§ **EXERCISE**
Only the lines of the data below from the one with "畑の金貨 生芋 紅はるか2kg　K181-004" through the one with "OUGANDA : UN" are wanted. Repeat them exactly.

*** DATA EXCERPTS ***

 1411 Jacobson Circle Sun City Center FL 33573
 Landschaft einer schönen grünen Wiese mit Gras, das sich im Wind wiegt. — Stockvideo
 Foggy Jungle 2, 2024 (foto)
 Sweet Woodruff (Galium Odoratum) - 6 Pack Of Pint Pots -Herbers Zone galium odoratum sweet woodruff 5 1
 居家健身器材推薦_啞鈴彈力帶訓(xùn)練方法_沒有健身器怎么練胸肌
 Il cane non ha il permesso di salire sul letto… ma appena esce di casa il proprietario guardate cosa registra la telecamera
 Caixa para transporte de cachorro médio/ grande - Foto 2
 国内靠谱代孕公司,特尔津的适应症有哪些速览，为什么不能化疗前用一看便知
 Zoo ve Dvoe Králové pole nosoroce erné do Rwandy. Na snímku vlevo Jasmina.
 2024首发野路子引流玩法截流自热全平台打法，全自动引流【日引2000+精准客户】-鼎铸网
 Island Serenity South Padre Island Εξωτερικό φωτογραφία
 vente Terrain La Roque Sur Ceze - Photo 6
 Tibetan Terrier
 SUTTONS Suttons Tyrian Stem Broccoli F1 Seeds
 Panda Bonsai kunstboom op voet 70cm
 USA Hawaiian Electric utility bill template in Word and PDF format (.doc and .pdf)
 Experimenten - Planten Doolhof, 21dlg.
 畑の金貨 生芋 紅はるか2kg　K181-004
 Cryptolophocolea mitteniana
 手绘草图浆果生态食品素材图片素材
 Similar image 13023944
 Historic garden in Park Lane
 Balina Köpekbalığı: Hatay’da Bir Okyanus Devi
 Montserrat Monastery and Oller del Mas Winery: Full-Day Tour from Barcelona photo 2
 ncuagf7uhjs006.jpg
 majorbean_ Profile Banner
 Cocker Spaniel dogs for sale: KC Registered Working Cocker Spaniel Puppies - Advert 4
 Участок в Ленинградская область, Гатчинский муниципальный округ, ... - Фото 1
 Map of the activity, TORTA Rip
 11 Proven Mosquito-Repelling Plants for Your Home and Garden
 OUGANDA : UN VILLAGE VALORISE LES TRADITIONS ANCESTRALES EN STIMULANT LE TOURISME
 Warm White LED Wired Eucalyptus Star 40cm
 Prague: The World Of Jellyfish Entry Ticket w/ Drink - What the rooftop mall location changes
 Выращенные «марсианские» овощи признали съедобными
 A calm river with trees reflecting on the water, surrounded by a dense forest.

*** End of DATA EXCERPTS ***

§ **ANSWER BOX**
 畑の金貨 生芋 紅はるか2kg　K181-004
 Cryptolophocolea mitteniana
 手绘草图浆果生态食品素材图片素材
 Similar image 13023944
 Historic garden in Park Lane
 Balina Köpekbalığı: Hatay’da Bir Okyanus Devi
 Montserrat Monastery and Oller del Mas Winery: Full-Day Tour from Barcelona photo 2
 ncuagf7uhjs006.jpg
 majorbean_ Profile Banner
 Cocker Spaniel dogs for sale: KC Registered Working Cocker Spaniel Puppies - Advert 4
 Участок в Ленинградская область, Гатчинский муниципальный округ, ... - Фото 1
 Map of the activity, TORTA Rip
 11 Proven Mosquito-Repelling Plants for Your Home and Garden
 OUGANDA : UN VILLAGE VALORISE LES TRADITIONS ANCESTRALES EN STIMULANT LE TOURISME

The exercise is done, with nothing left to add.